I have the same problem with my cabrio vr6 swap. THere are about 4 wires that wont plug into anything. My digicam is broken so I cant get a pic of it. I will have to check and see if they are the same wires or not. Anyways, free bump for you


----------



## Fast2.0L (Oct 12, 1999)

*Re: dash wiring Q in mk3 VR6 swap. wires without a home. (corradobomb)*

The Connector with two wires, one blk/wht and one blk/grn plugs into cluster or rear harness. I can't remember but it's for your turnsignals. If you can tell what connectors they run back to on the fuse block I might be able to help you out more. I can tell you most of those single connectors aren't used.

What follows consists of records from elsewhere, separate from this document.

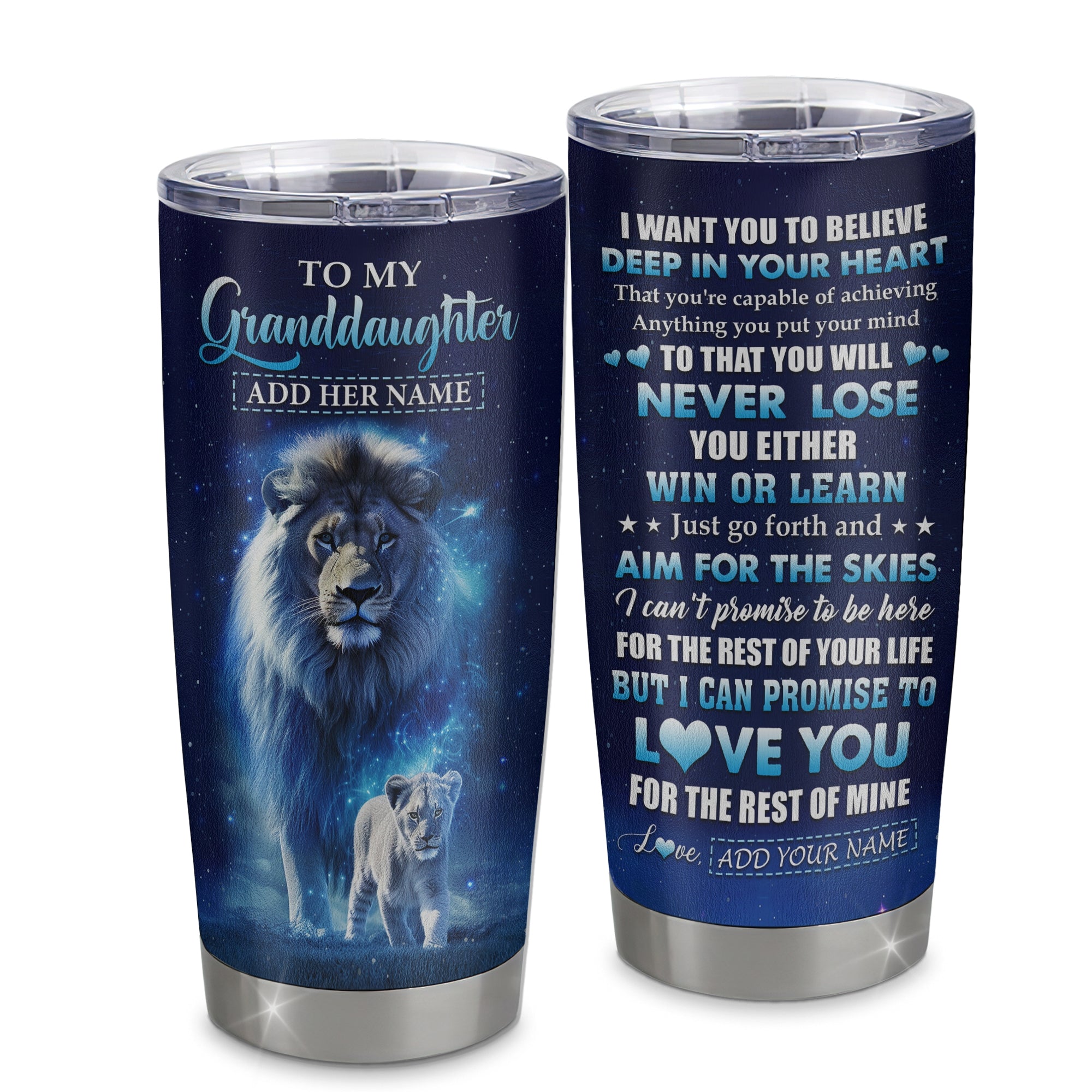 Personalized To My Granddaughter Tumbler From Grandpa Papa Believe Your Heart Granddaughter Gift Birthday Graduation Christmas Custom Stainless Steel Cup Travel Mug | teecentury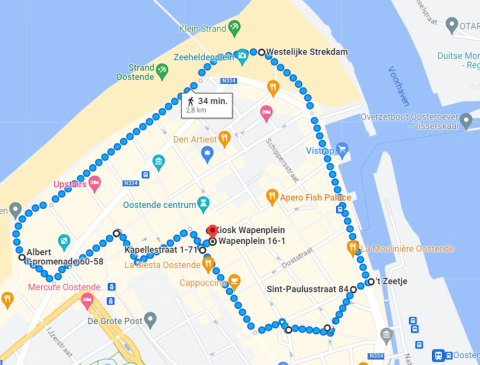 kaart wandelroute vredeswandeling Oostende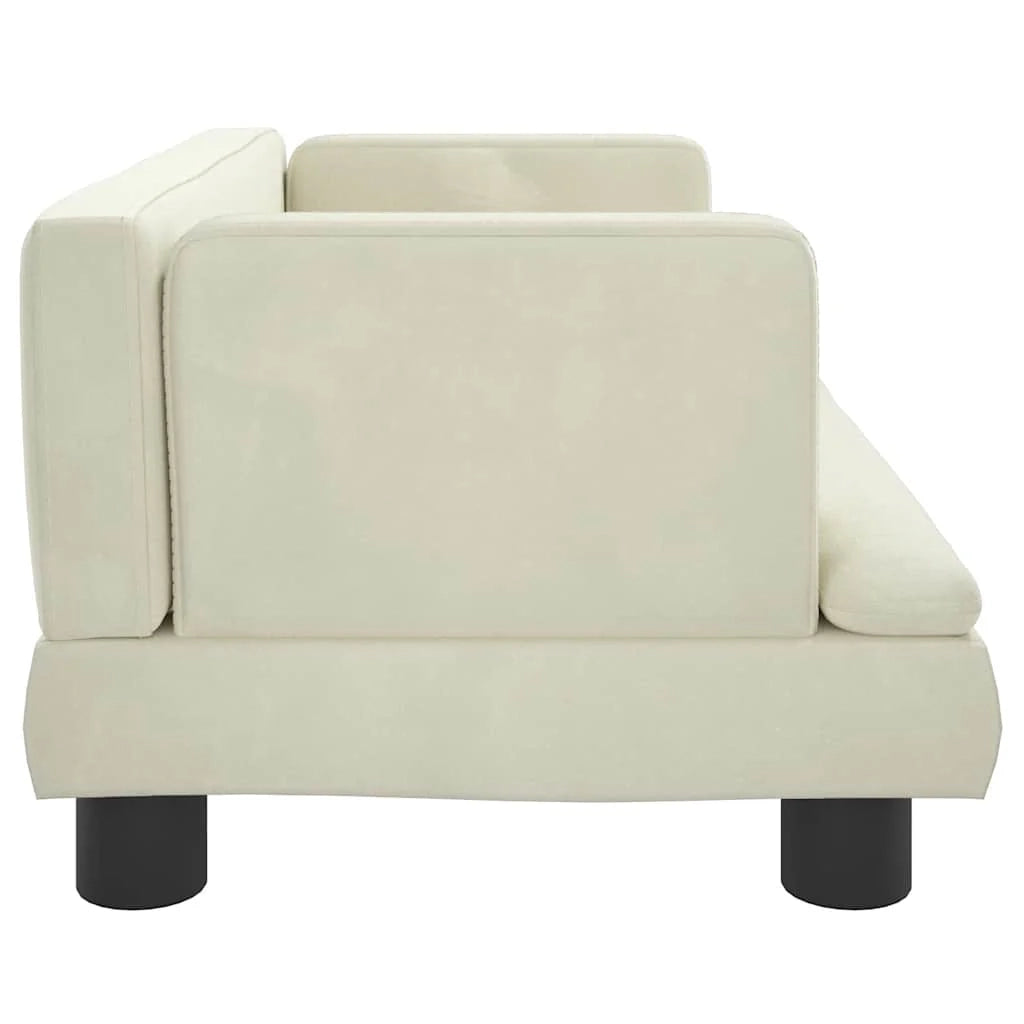 Cuccia per cani a forma di cesto comoda 60 x 40 x 30 cm velluto crema 02_0042727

_Modified by Fast2.0L at 6:40 PM 9-25-2004_


----------



## vwscottro (Aug 7, 2004)

*Re: dash wiring Q in mk3 VR6 swap. wires without a home. (kreuzer)*

Ohhhh! I've been here before.
the purple/white is from pin #51 of the ecu it goes to the instrument cluster what it does, I don't know. The vehicle speed and tach signals are accounted for so I can only guess what it does.
The black/yellow should be check engine light.
what color are the wire associated with the brown and blue connectors?
the turquiose connector, I believe is for data communication (where a scanner can be hooked up) but that is only a portion of that harness. the 98 it came out of should have the rest.
I am doing this by memory so I may not be 100% accurate. A bentley manual for the 98 might come in handy for this one.


----------



## vwscottro (Aug 7, 2004)

*Re: dash wiring Q in mk3 VR6 swap. wires without a home. (Fast2.0L)*

If you spend the time, research it well, and do it right ALL the connectors will be used. The wires may have to be spliced. Of course, the swap may not require it to run, but may be necessary for fuel calculation, etc.


----------



## zaskar (Jan 17, 2000)

*Re: dash wiring Q in mk3 VR6 swap. wires without a home. (vwscottro)*

The BLUE/WHITE single connector is the *MOST* important, it is the speed sensor signal from the cluster, to the ECU, this stupid wire will do a cut-off of your engine if you stay 10 seconds in same gear past 5000rpm, this wire should be connected in W-1










_Modified by zaskar at 4:15 PM 9-27-2004_


----------



## kreuzer (May 20, 2001)

*Re: dash wiring Q in mk3 VR6 swap. wires without a home. (zaskar)*


_Quote, originally posted by *zaskar* »_The BLUE/WHITE single connector is the *MOST* important, it is the speed sensor signal from the cluster, to the ECU, this stupid wire will do a cut-off of your engine if you stay 10 seconds in same gear past 5000rpm, this wire should be connected in W-1









_Modified by zaskar at 4:15 PM 9-27-2004_

you know...I was wondering abotu that. There is a green connector on the original motor harness that plugs into that slot. The one and only wire on that connector is a blue/white wire. That green connector is not present on the GLX engien harness that I have put in, therefore leaving the slot empty. I guess I shoudl splice the connector into that wire then...
Thanks for the help guys. I'll bump this up maybe others have somethign to add to this.


----------



## kreuzer (May 20, 2001)

*Re: dash wiring Q in mk3 VR6 swap. wires without a home. (vwscottro)*


_Quote, originally posted by *vwscottro* »_Ohhhh! I've been here before.
the purple/white is from pin #51 of the ecu it goes to the instrument cluster what it does, I don't know. The vehicle speed and tach signals are accounted for so I can only guess what it does.
The black/yellow should be check engine light.
what color are the wire associated with the brown and blue connectors?
the turquiose connector, I believe is for data communication (where a scanner can be hooked up) but that is only a portion of that harness. the 98 it came out of should have the rest.
I am doing this by memory so I may not be 100% accurate. A bentley manual for the 98 might come in handy for this one. 

the brown connector has a brown/white wire. I think we just solved the blue one in the post above. as for the turquise one, I'll chec the dash harness and see what wires go to the vag-com plug...


----------